Le contrôle de l’implantation d’une construction: gage  de sécurité des travaux et du voisinage

Nous recevons M. AGOSSOU Thierry, Juriste expert spécialiste de l’urbanisme et de la construction, pour recueillir son avis d’expert sur le contrôle de l’implantation d’une construction : gage de sécurité des travaux et du voisinage.
M. AGOSSOU a un pur cursus de juriste spécialisé en droit foncier, droit de l’urbanisme et droit de la construction. Diplômé de l’Université de Poitiers et de l’Institut du Droit de l’Urbanisme, de la Construction et de l’Aménagement du Territoire de Poitiers (IDUCA), ses principaux domaines d’expertise sont entre autres : l’élaboration et l’utilisation des documents de planification urbaine ; la protection du cadre de vie individuel ; le contrôle de légalité des autorisations d’occupation des sols, ; les techniques d’intervention de l’Etat face à l’urbanisation ; la prise en compte des risques environnementaux et sociaux liés au développement urbain ; etc…
Depuis 1999, il a contribué à différents projets et études au Bénin, dans plusieurs pays africains et en France. Il poursuit actuellement sa carrière de consultant indépendant auprès des institutions nationales et internationales et auprès de cabinets locaux et internationaux.
  • Le Bénin dispose dans sa législation d’un texte réglementaire, notamment le Décret N° 2014-205 du 13 mars 2014 portant réglementation de la délivrance du permis de construire et ses arrêtés d’application qui permettent de réguler les opérations de construction au plan national.Pourtant nous assistons régulièrement à des contentieux qui conduisent parfois à des destructions de maisons et dû au fait que des problèmes de voisinage surviennent pour empiètement de la construction de l’un sur le terrain de l’autre.Comment peut –on comprendre cela ?
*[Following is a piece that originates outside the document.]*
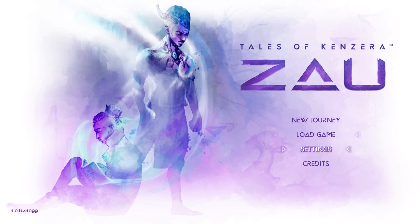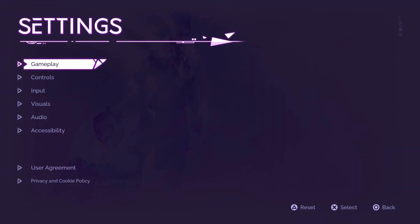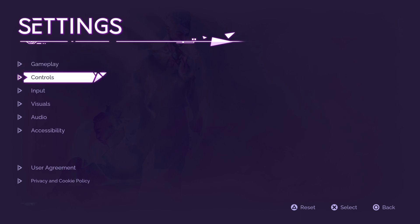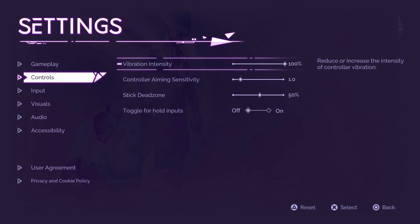First, scroll down to category setting and click X on this. Then use the down arrow to select category controls and click X.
Vous me permettrez à nouveau de dire merci au magazine « Bénin Immo » qui ne ménage aucun effort pour aller à la rencontre des professionnels du secteur du développement urbain au  Bénin aux fins d’éclairer les citoyens béninois sur les subtilités des questions liées au foncier, à l’immobilier.Revenons au sujet qui nous concerne. En effet, le Bénin dispose dans son arsenal juridique d’un texte dont les références ont été bien citées surpa qui permet de contrôler l’activité de construction des bâtiments.Hormis les cas d’exemption d’obtention d’autorisation de construire, ce texte indique clairement en son article 5 que : «  Quiconque désire entreprendre une construction à quelque usage que ce soit, même ne comportant pas de fondation obtient au préalable un permis de construire ».Mieux le même texte enferme dans les prescriptions de son article 16, la liste des pièces écrites et graphiques à fournir dans la demande d’une autorisation de construire.C’est dire d’emblée que l’Exécutif béninois a très bien compris qu’il faille réguler d’une manière ou d’une autre le secteur de l’urbanisation au plan national.Et pour en venir à votre préoccupation, le texte qui fonde nos principes d’obtention ou non d‘un  permis de construire avant toute construction présente bien dans cet article 16, au nombre des pièces graphiques : « un plan de masse à l’échelle 1/200 ou 1/500 des constructions à édifier ou à modifier avec indication de l’orientation de la direction des vents dominants et des caractéristiques des constructions et équipements voisins existant. Le plan de masse  indique les limites séparatives, les servitudes réglementaires d’alignement, de reculement et de prospect ainsi que les tracés des ouvrages de voirie, de réseaux divers et d’espaces verts.» Eu égard à l’analyse du fond de ce point de l’article 16 du Décret N° 2014-205 du 13 mars 2014 portant réglementation de la délivrance du permis de construire, le maitre mot de la problématique de nos échanges de ce jour porte sur l’implantation des constructions et sur son contrôle.
  • Qu’est -ce que l’implantation d’une construction ? Et à qui incombe cette implantation et qui en contrôle l’exécution ?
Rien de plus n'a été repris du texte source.